Data for this task
------------------------------
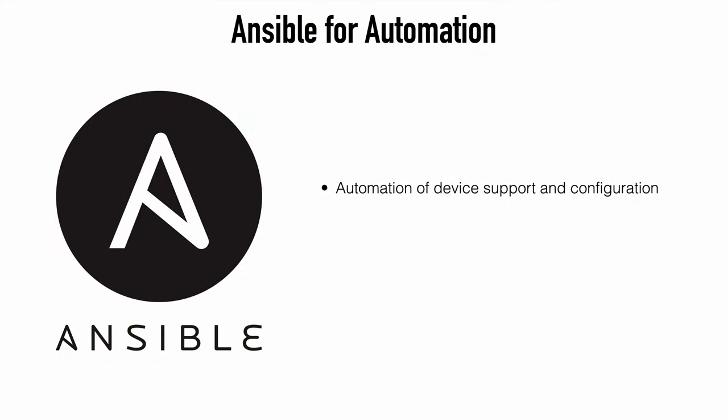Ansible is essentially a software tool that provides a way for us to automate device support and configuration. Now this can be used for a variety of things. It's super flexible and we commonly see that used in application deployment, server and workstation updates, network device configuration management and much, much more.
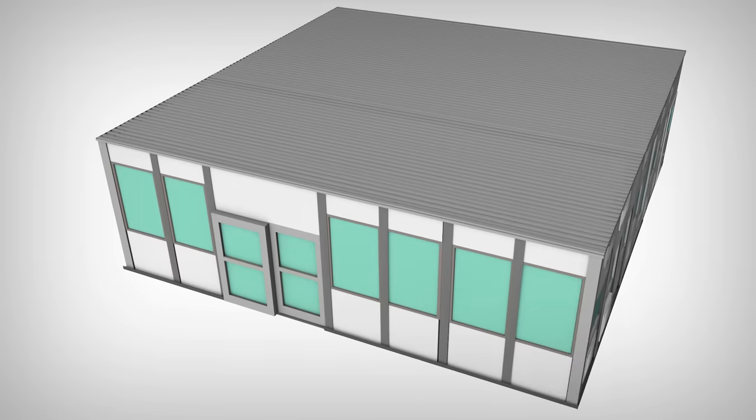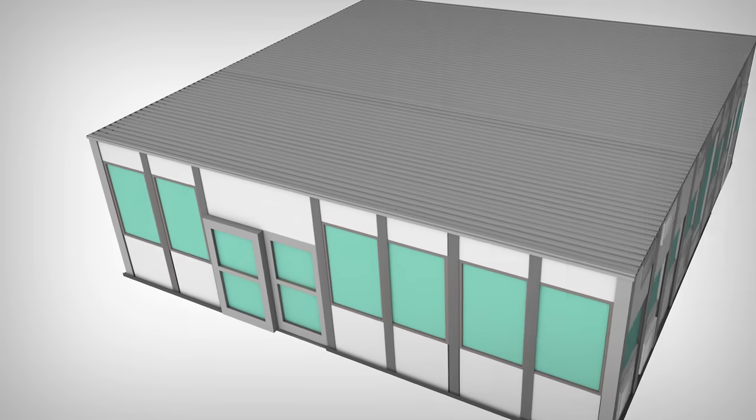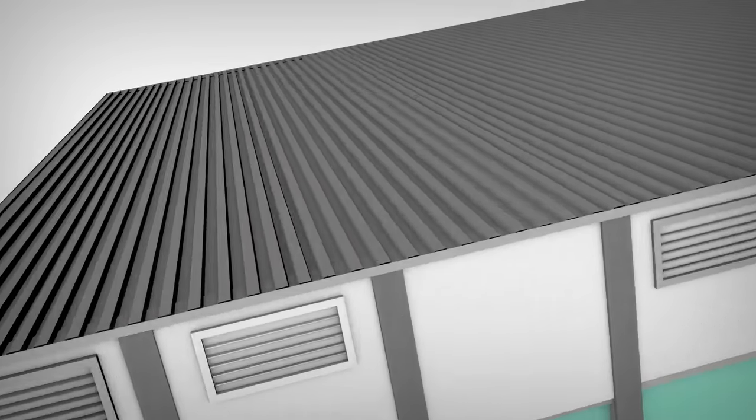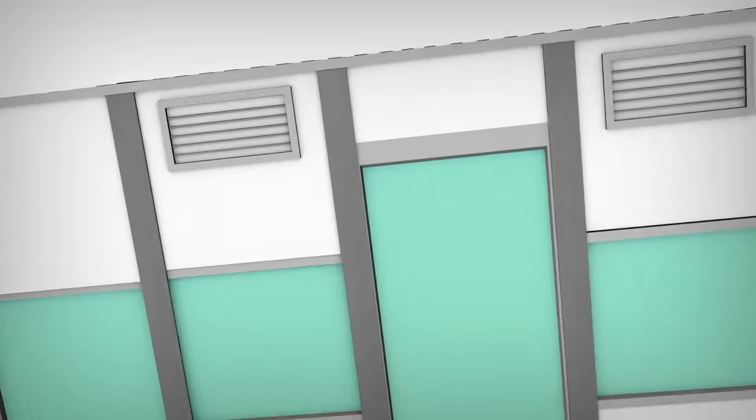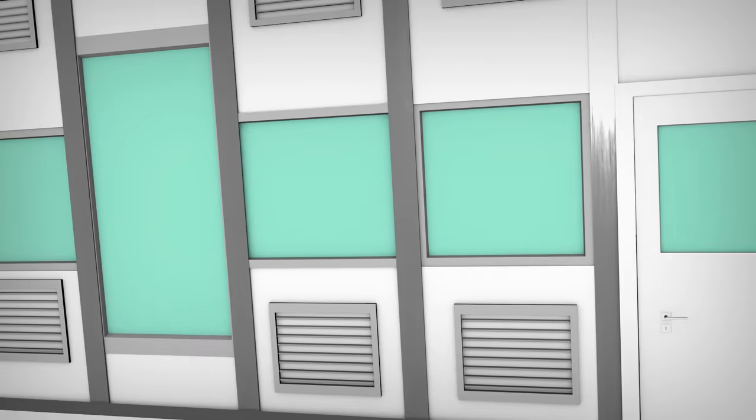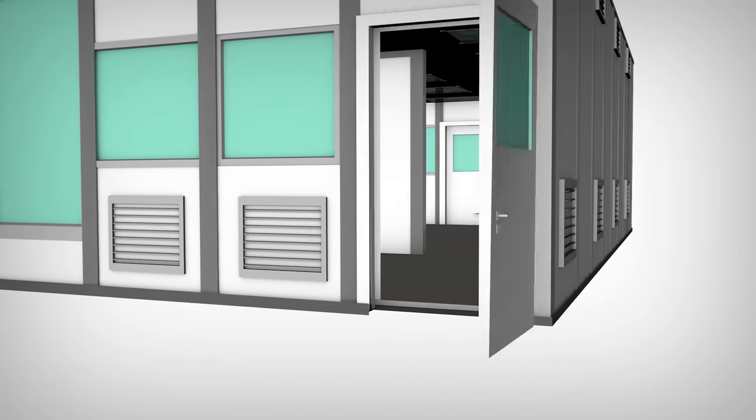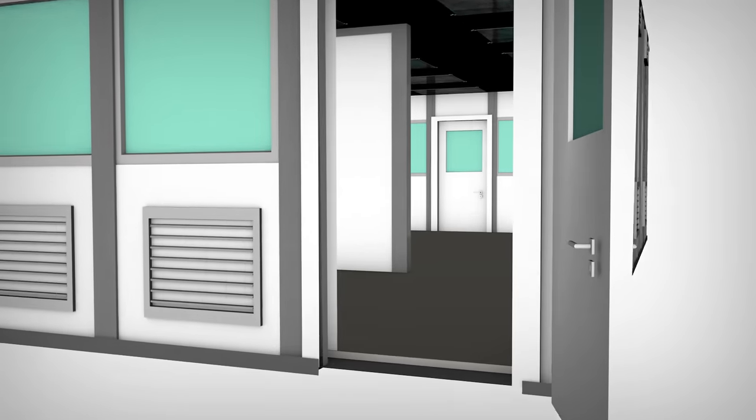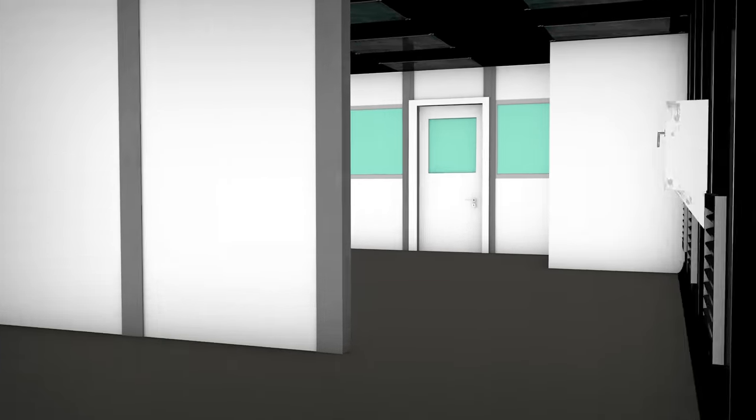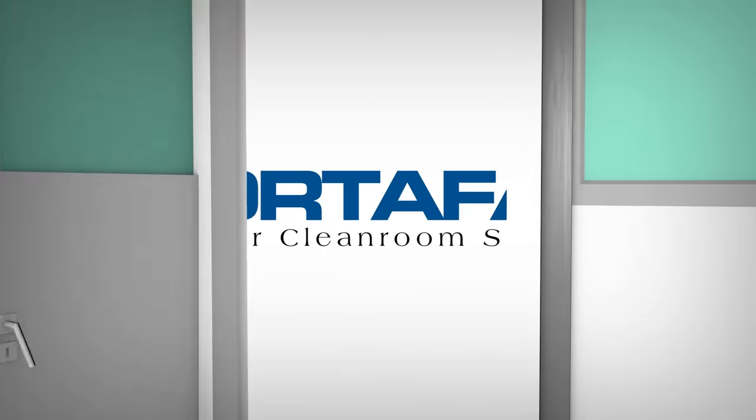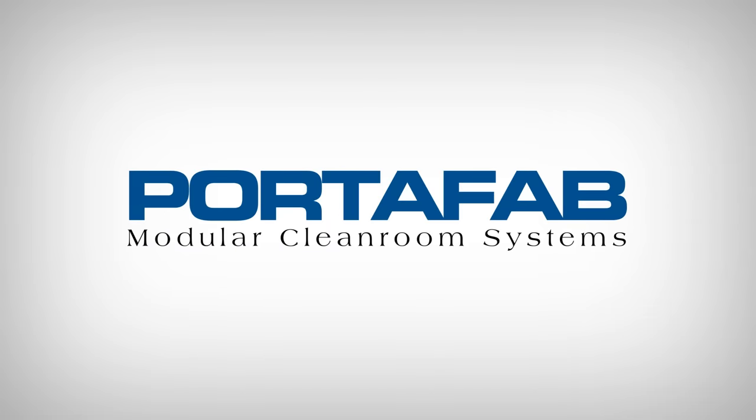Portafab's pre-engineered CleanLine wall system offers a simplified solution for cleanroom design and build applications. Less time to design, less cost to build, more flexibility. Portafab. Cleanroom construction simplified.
------------------------------
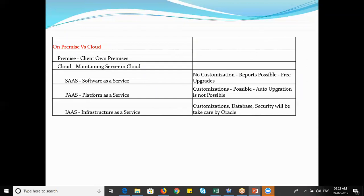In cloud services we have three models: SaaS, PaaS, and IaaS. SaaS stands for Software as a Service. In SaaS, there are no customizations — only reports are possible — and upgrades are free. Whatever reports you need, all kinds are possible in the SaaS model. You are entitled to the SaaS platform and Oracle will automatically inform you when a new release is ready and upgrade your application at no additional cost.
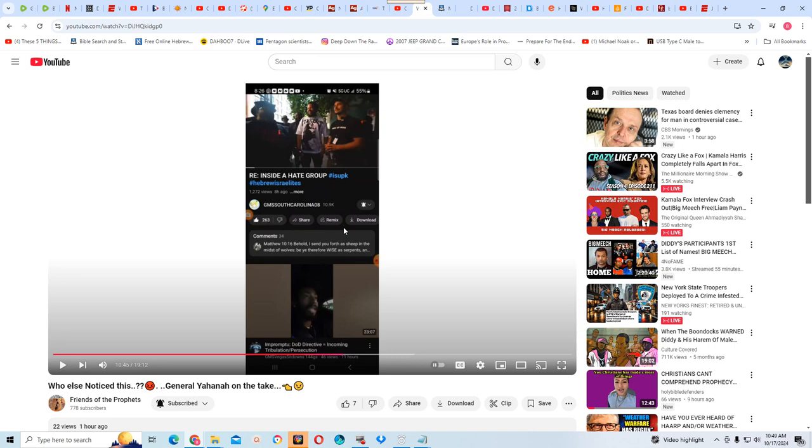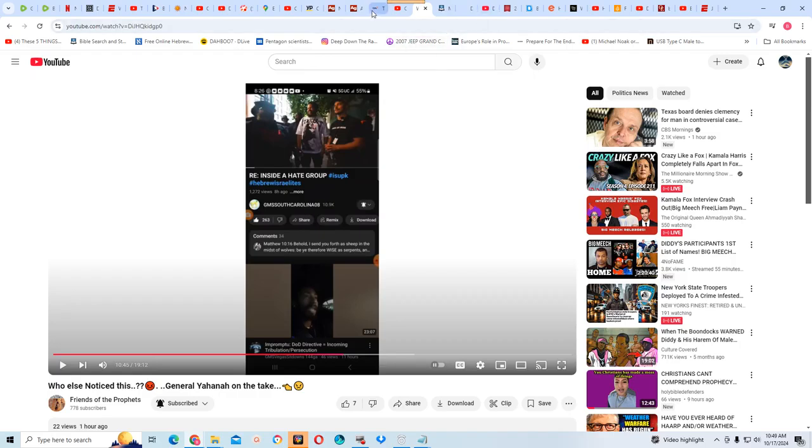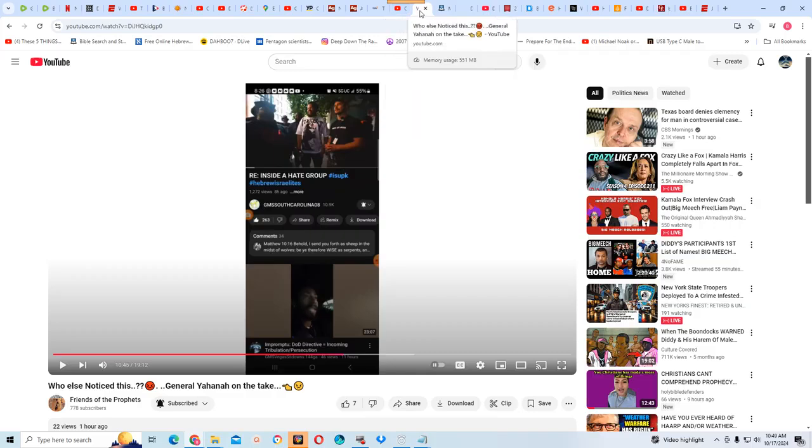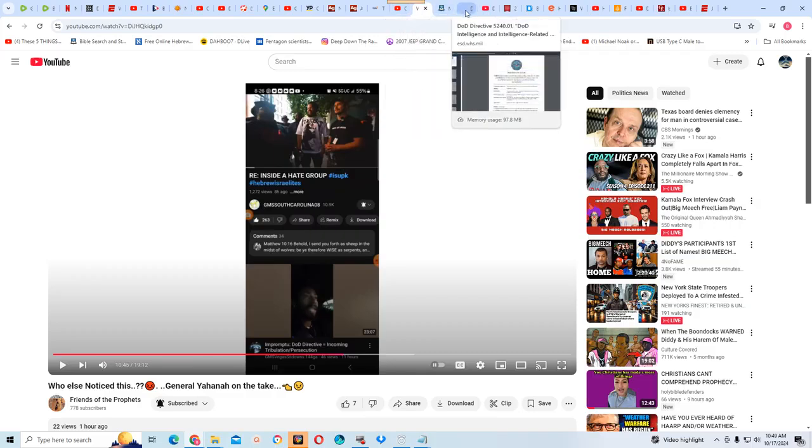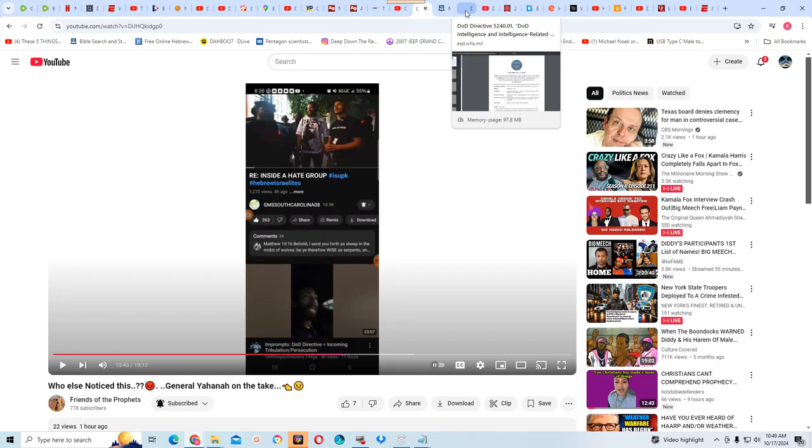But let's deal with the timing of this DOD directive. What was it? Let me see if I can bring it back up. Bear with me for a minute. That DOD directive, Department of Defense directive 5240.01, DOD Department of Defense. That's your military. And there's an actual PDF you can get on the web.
------------------------------
Assigned task
Take the entries above and copy exactly the lines starting at the one with "Ansible is essentially" and ending at the one with "Portafab's pre-engineered CleanLine"; nothing outside that span, and no pictures.

Result for this exercise
Ansible is essentially a software tool that provides a way for us to automate device support and configuration. Now this can be used for a variety of things. It's super flexible and we commonly see that used in application deployment, server and workstation updates, network device configuration management and much, much more.
Portafab's pre-engineered CleanLine wall system offers a simplified solution for cleanroom design and build applications. Less time to design, less cost to build, more flexibility. Portafab. Cleanroom construction simplified.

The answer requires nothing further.